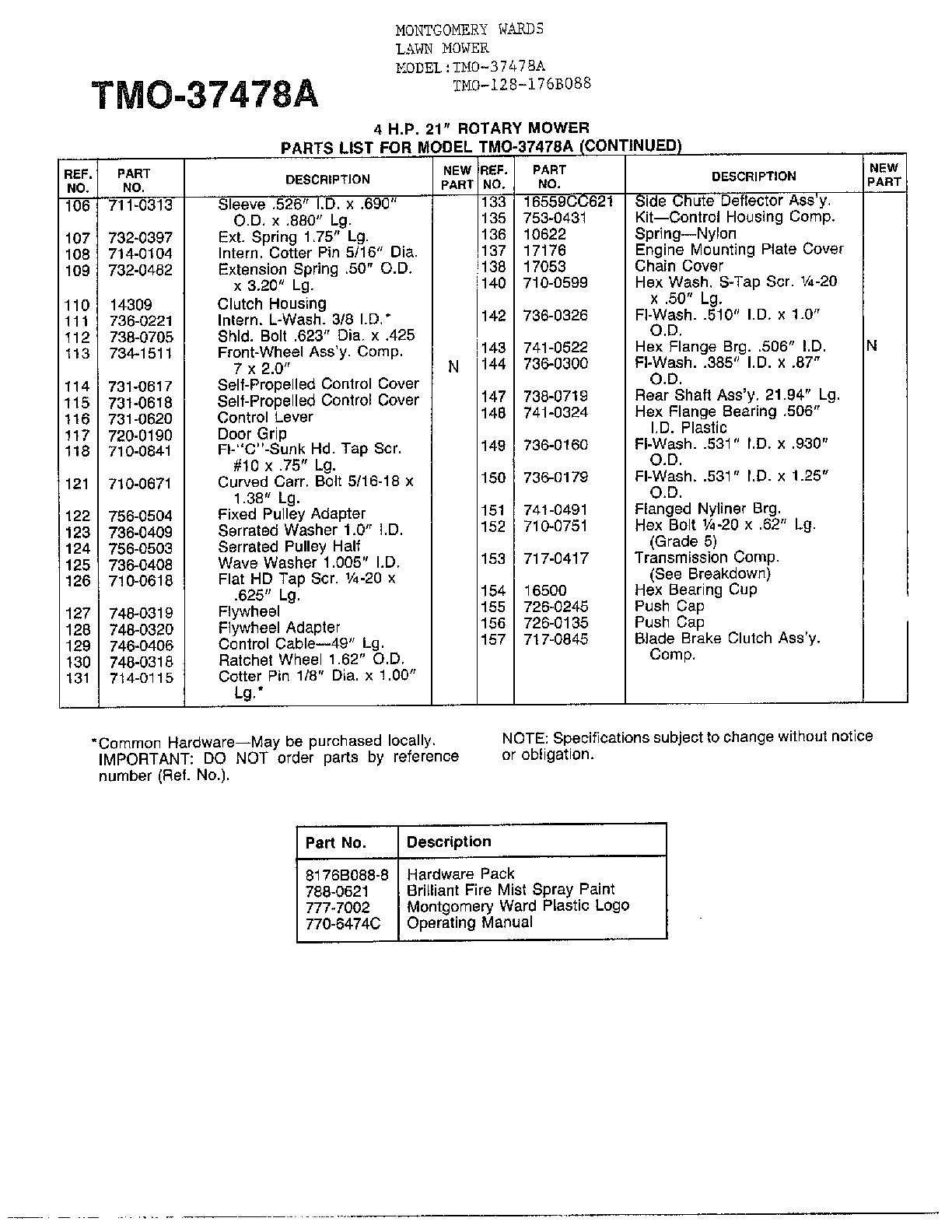 4hp 21" rotary mower page 3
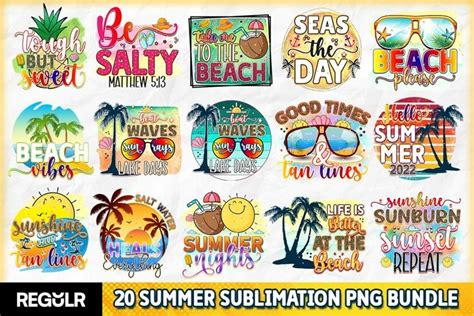 Summer Sublimation Bundle Summer Beach Designs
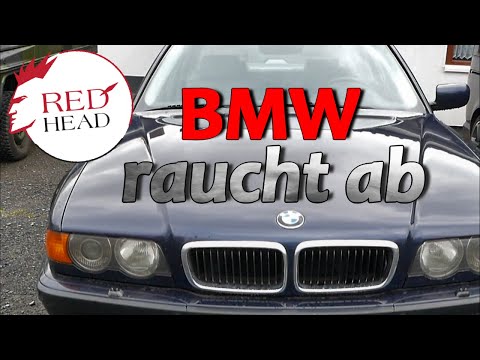 Comeback after years of standstill BMW 740i E38 - Engine rescue 💪 at Redhead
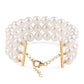 Pulsera de Plata Bañada en Oro con Perla blanca de agua dulce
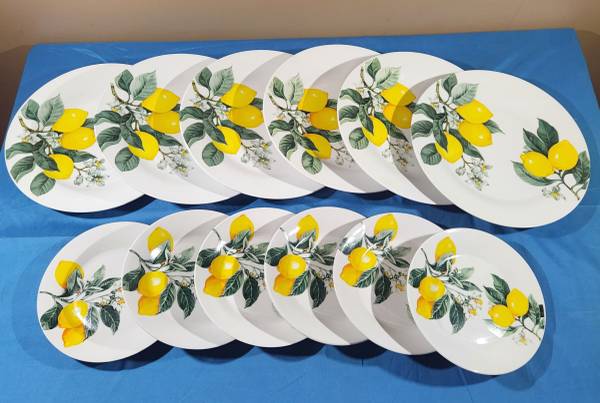 Royal Norfolk Lemon Printed Plates 1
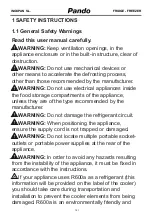 Preview for 101 page of Pando PFBI COMBI 178x54 User Manual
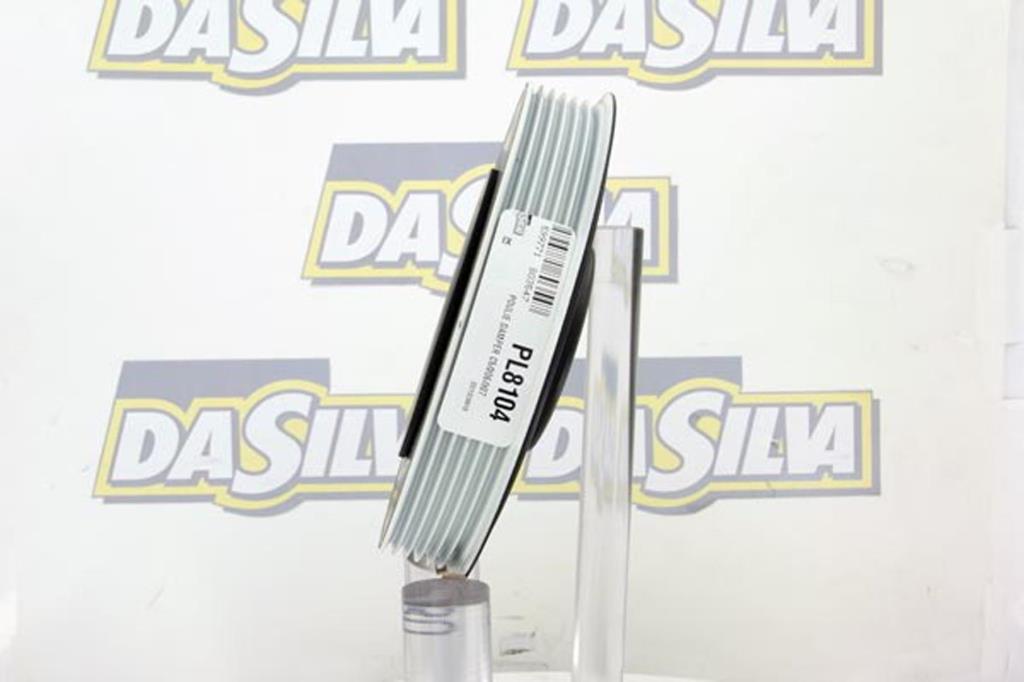 Poulie damper (Poulie de vilebrequin) DA SILVA S.A.S. ref. PL8104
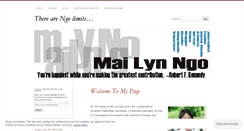 Desktop Screenshot of mailynngo.wordpress.com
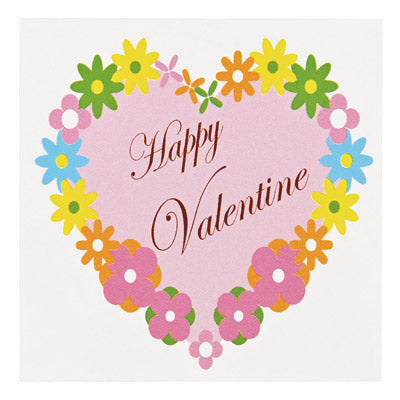 バレンタイン・ギフトパック（チョコレートボール5包入・シール付)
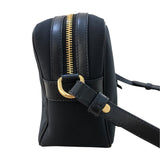 プラダ PRADA ジャガードロゴショルダーバッグ 1BH089 ブラック 　ゴールド金具 ナイロンジャガード レディース ショルダーバッグ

### [What the task asks]
Output every entry above exactly as written, but omit the pictures.

### [Written reply]
 4hp 21" rotary mower page 3
 Summer Sublimation Bundle Summer Beach Designs
 Comeback after years of standstill BMW 740i E38 - Engine rescue 💪 at Redhead
 Pulsera de Plata Bañada en Oro con Perla blanca de agua dulce
 Royal Norfolk Lemon Printed Plates 1
 Preview for 101 page of Pando PFBI COMBI 178x54 User Manual
 Poulie damper (Poulie de vilebrequin) DA SILVA S.A.S. ref. PL8104
 Desktop Screenshot of mailynngo.wordpress.com
 バレンタイン・ギフトパック（チョコレートボール5包入・シール付)
 プラダ PRADA ジャガードロゴショルダーバッグ 1BH089 ブラック 　ゴールド金具 ナイロンジャガード レディース ショルダーバッグ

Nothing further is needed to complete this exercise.